Display Options Threshold/Breakthrough Mark All as Read Mark All as Unread
The Fine Print: The following comments are owned by whoever posted them. We are not responsible for them in any way.
  • (Score: 2) by ikanreed on Friday December 16 2016, @04:25PM

    by ikanreed (3164) on Friday December 16 2016, @04:25PM (#442080) Journal

    1. A neural net is an algorithm/system design that allows inputs to be associated with outputs through unknown hidden relationships, often surprisingly good at pattern matching tasks
    2. Add more hardware.
    3. ??????
    4. All religions now true because you invented god.

    • (Score: 0) by Anonymous Coward on Friday December 16 2016, @04:29PM

      by Anonymous Coward on Friday December 16 2016, @04:29PM (#442082)

      4. All religions now true because you invented god.

      Except those religions that believe in a benign god. Muahahahaha!

    • (Score: 2) by Thexalon on Friday December 16 2016, @04:45PM

      by Thexalon (636) Subscriber Badge on Friday December 16 2016, @04:45PM (#442091)

      4. All religions now true because you invented god.

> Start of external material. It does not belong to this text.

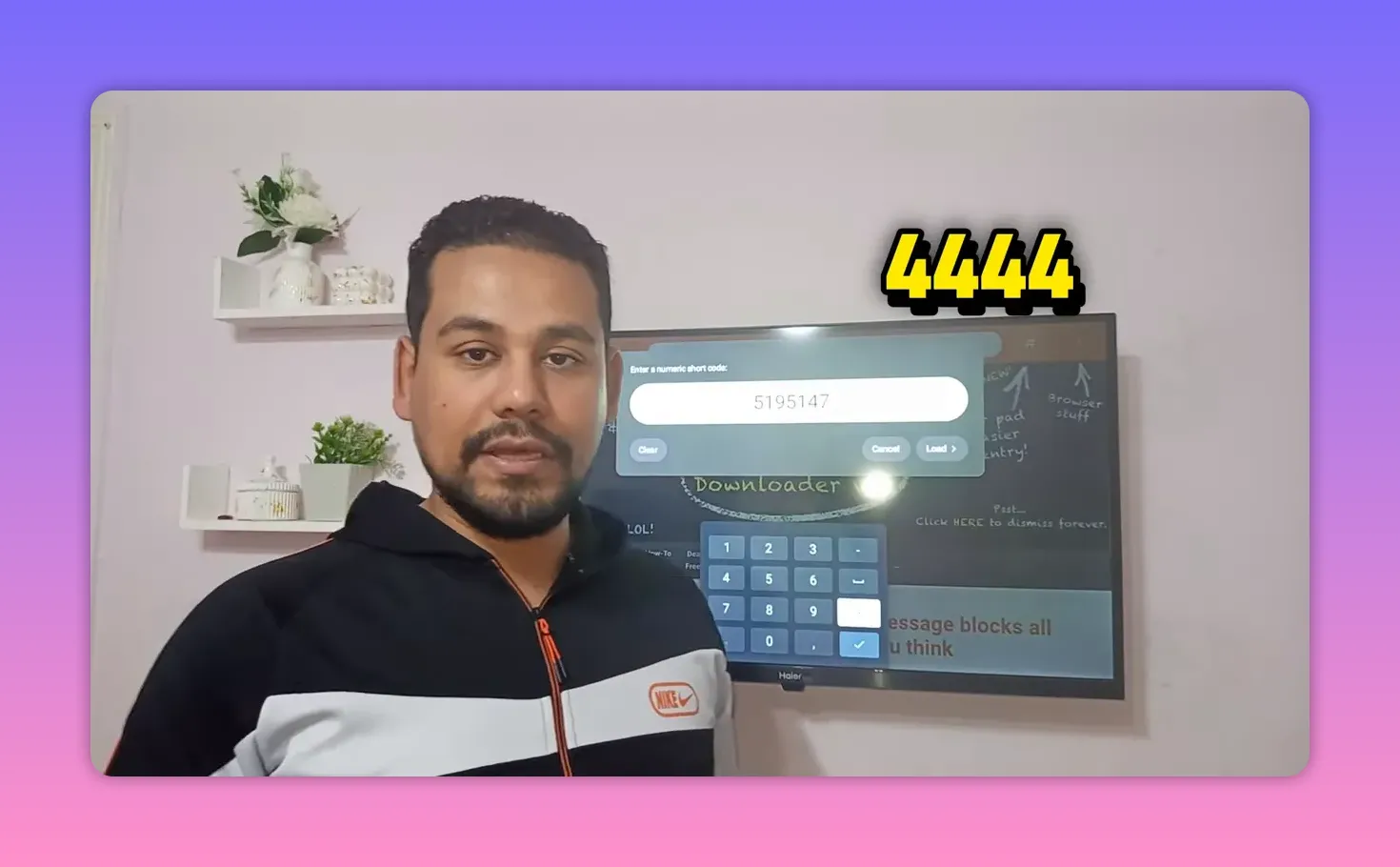 Downloader code entry screen with 4444 highlighted for Qitnan’s extra access step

      Wrong: Step 4 is always "PROFIT!"

      --
      The only thing that stops a bad guy with a compiler is a good guy with a compiler.
      • (Score: 5, Funny) by Uncle_Al on Friday December 16 2016, @05:13PM

        by Uncle_Al (1108) on Friday December 16 2016, @05:13PM (#442110)

        Step 4: PROPHET!

    • (Score: 2) by bob_super on Friday December 16 2016, @07:34PM

      by bob_super (1357) on Friday December 16 2016, @07:34PM (#442179)

      > 4. All religions now true because you invented god.

      Organized religions are based on belief. If you provide proof of God, people won't need structures to shape their belief and interaction with Her, causing all human-created religions to collapse.

      • (Score: 3, Insightful) by ikanreed on Friday December 16 2016, @07:53PM

        by ikanreed (3164) on Friday December 16 2016, @07:53PM (#442185) Journal

        Considering that this was intended as a mockery of transhumanism(as it exists in e-cults obsessed with it), the exact repercussions of their beliefs coming true weren't particularly important to me.

        But to address your point as an actual argument, you seriously underestimate the ability of religions to re-frame the nature of god to suit whatever the current culture tends to think and believe. People are incredibly good at holding onto ideas.

        • (Score: 2) by bob_super on Friday December 16 2016, @08:08PM

          by bob_super (1357) on Friday December 16 2016, @08:08PM (#442189)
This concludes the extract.